Top 5 Hours for Ask Posts Points
15:00: 21.64 average points per post
13:00: 17.93 average points per post
12:00: 13.58 average points per post
10:00: 13.44 average points per post
17:00: 12.19 average points per post


#### Results 
From the calculation above, yet again 3pm is the best hour for receiving points on average, followed by 1pm. On the other hand, if you want to get more points, it might be wise to submit a show post around noon, from 11 to 13. Just like the comments per hour result, the advantage of the favorite hour is more prominent for ask post. Both number of comments and points per hour are more evenly distributed for show posts. 
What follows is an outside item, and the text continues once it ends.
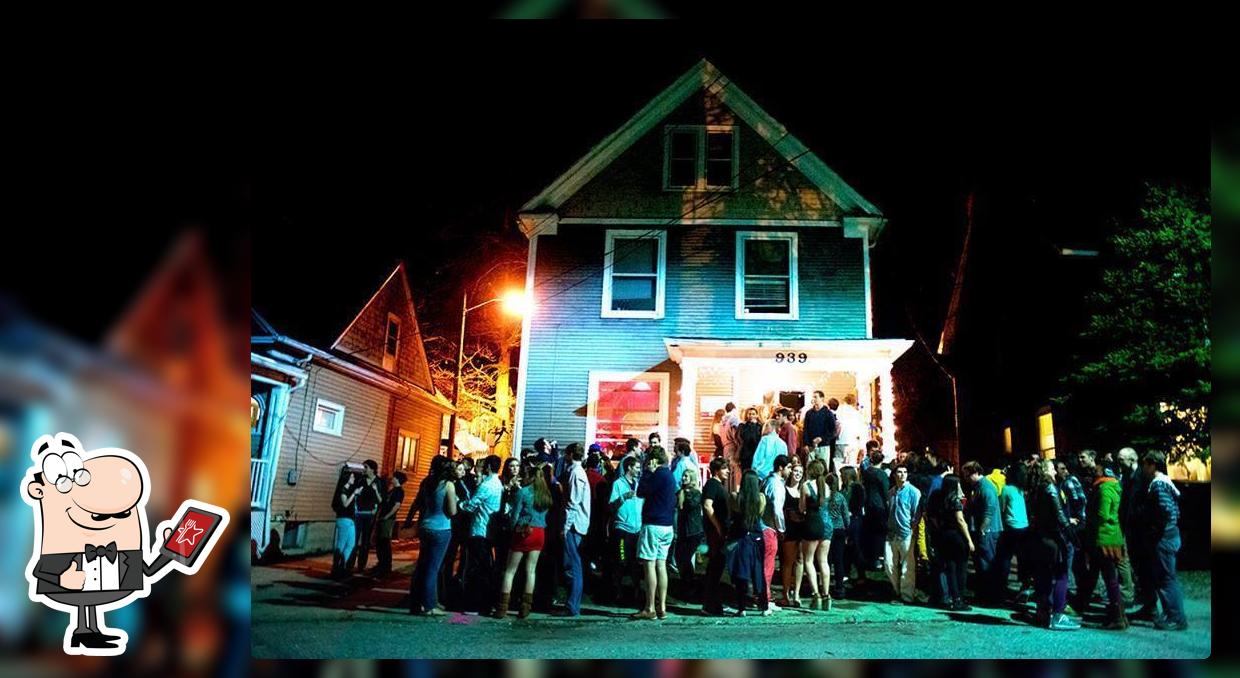 House parties in Guildford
#### Authors with the most points and comments

Let's list the top authors with the most number of points/comments recieved, by creating a dictionary of author and points/comments.


In [80]:
author_points = {}
author_comments = {}
for row in hn:
    author = row[5]
    point = int(row[3])
    comment = int(row[4])
    if author in author_points:
        author_points[author] += point
    else:
        author_points[author] = point
        
    if author in author_comments:
        author_comments[author] += comment
    else:
        author_comments[author] = comment
        
author_point_list = []
author_comment_list = []
for k, v in author_points.items():
    author_point_list.append([v, k])
    
for k, v in author_comments.items():
    author_comment_list.append([v, k])
    
author_point_list = sorted(author_point_list,reverse = True)
author_comment_list = sorted(author_comment_list,reverse = True)
for k, item in enumerate(author_point_list[:10], 1):
    print(f"{k}. {item[1]} has {item[0]} points.")
    
print("\n")
for k, item in enumerate(author_comment_list[:10],1):
    print(f"{k}.{item[1]} has {item[0]} comments.")    
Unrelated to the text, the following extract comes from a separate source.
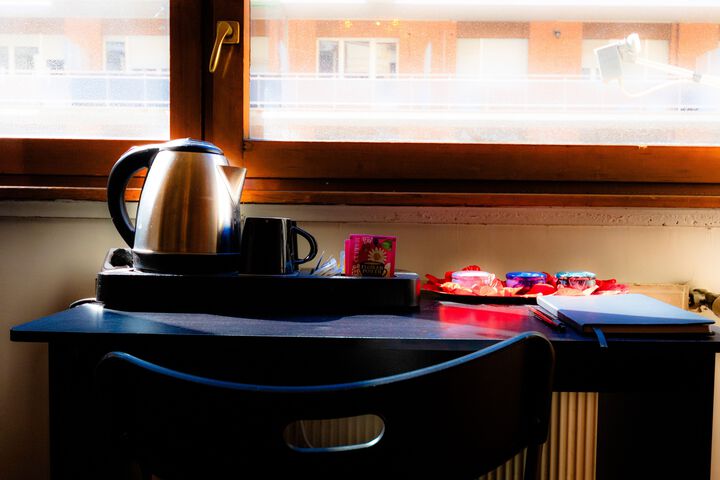 Breakfast/Coffee Service 104 of 581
1. ingve has 69465 points.
2. prostoalex has 32510 points.
3. jonbaer has 26157 points.
4. nkurz has 21085 points.
5. adamnemecek has 21071 points.
6. walterbell has 19810 points.
7. dnetesn has 19253 points.
8. jseliger has 17740 points.
9. uptown has 16900 points.
10. DiabloD3 has 15846 points.


1.ingve has 27940 comments.
2.prostoalex has 21572 comments.
3.jseliger has 13911 comments.
4.whoishiring has 12892 comments.
5.nkurz has 11643 comments.
6.walterbell has 9814 comments.
7.jonbaer has 9271 comments.
8.dnetesn has 8650 comments.
9.uptown has 8555 comments.
10.coloneltcb has 8262 comments.


#### Results
Author "ingve" tops both of the lists, with a whopping 69465 points which more than double that of "prostoalex" the runner up in both lists. In the matter of fact, most of the top 10 authors at the point list also show up at the comment list. This could be explained that the posts received more comments also been rewarded with more points.